Task directions:
All of the listing should be output exactly, apart from the pictures.

Information provided:
★ ★ ★ ★ ★ ★ ★
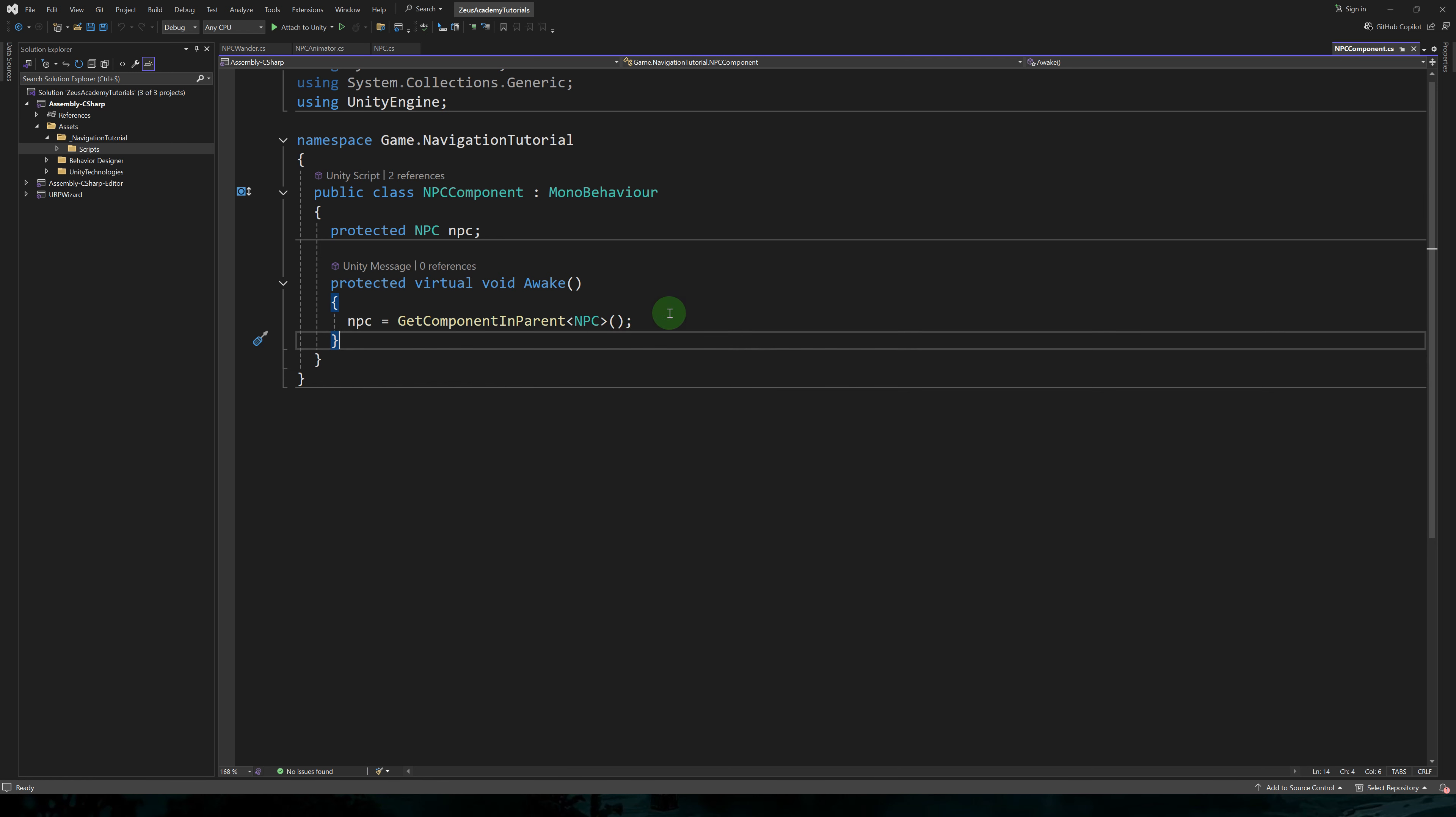When we use get component in parent, rather than just get component, the game object searches for this component in the same object and then in the hierarchy. This gives us the freedom to add these components to child objects of the NPC.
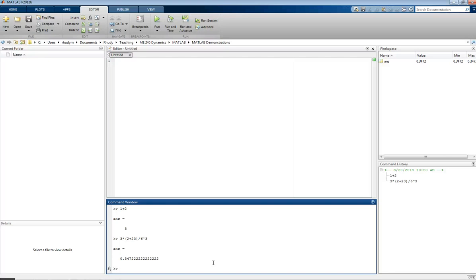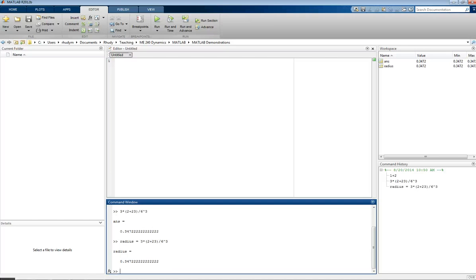Rather than just calculate things like this, we can define our own variables and use those to store our answers. If I wanted to keep the answer from the last equation — and one nice trick in MATLAB is if you want to go back to something you've just entered, you can hit the up arrow key. Now I get that equation back. Maybe this is the calculation of a radius, so I can say radius equals that equation. When I hit enter, rather than going to the default ans, we are now storing our answer in the variable radius.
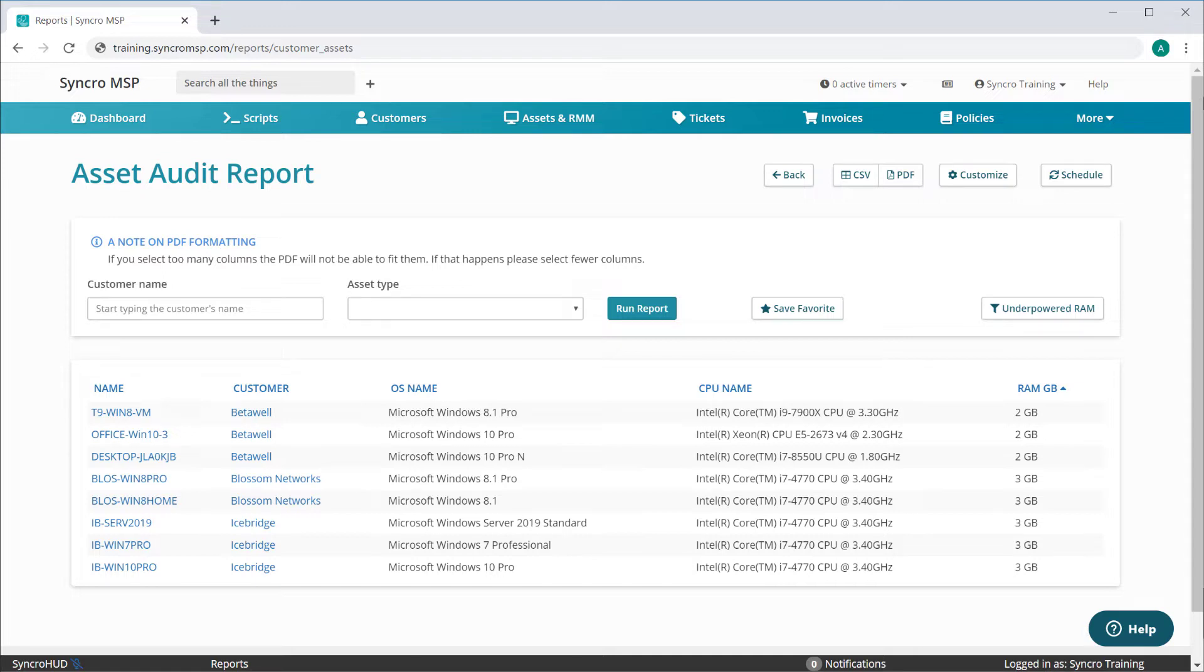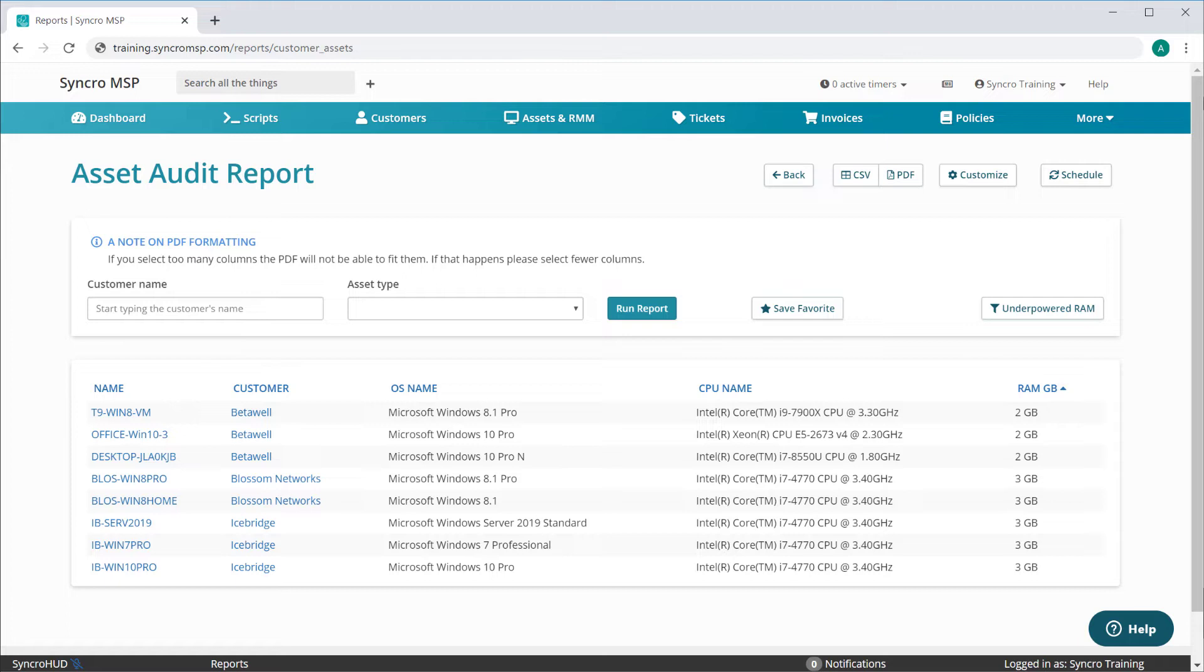So here I'm in our Asset Audit report, and I'm using a saved asset search to pull up a list of all the assets in my fleet with underpowered RAM. I've got the columns just how I like them, and I set the report to sort starting with the lowest amount of RAM.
★ ★ ★ ★ ★ ★ ★
Reply:
When we use get component in parent, rather than just get component, the game object searches for this component in the same object and then in the hierarchy. This gives us the freedom to add these components to child objects of the NPC.
Rather than just calculate things like this, we can define our own variables and use those to store our answers. If I wanted to keep the answer from the last equation — and one nice trick in MATLAB is if you want to go back to something you've just entered, you can hit the up arrow key. Now I get that equation back. Maybe this is the calculation of a radius, so I can say radius equals that equation. When I hit enter, rather than going to the default ans, we are now storing our answer in the variable radius.
So here I'm in our Asset Audit report, and I'm using a saved asset search to pull up a list of all the assets in my fleet with underpowered RAM. I've got the columns just how I like them, and I set the report to sort starting with the lowest amount of RAM.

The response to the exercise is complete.